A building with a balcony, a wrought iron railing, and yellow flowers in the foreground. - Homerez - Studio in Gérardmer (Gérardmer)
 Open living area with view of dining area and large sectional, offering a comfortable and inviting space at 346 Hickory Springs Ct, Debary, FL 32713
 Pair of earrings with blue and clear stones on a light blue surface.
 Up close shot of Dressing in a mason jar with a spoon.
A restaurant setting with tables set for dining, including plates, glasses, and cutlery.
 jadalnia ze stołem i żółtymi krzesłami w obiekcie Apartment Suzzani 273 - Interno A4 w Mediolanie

###

▸ Your objective
Nothing in the data may differ; print all of it exactly as written.

▸ Result of this exercise
A building with a balcony, a wrought iron railing, and yellow flowers in the foreground. - Homerez - Studio in Gérardmer (Gérardmer)
 Open living area with view of dining area and large sectional, offering a comfortable and inviting space at 346 Hickory Springs Ct, Debary, FL 32713
 Pair of earrings with blue and clear stones on a light blue surface.
 Up close shot of Dressing in a mason jar with a spoon.
A restaurant setting with tables set for dining, including plates, glasses, and cutlery.
 jadalnia ze stołem i żółtymi krzesłami w obiekcie Apartment Suzzani 273 - Interno A4 w Mediolanie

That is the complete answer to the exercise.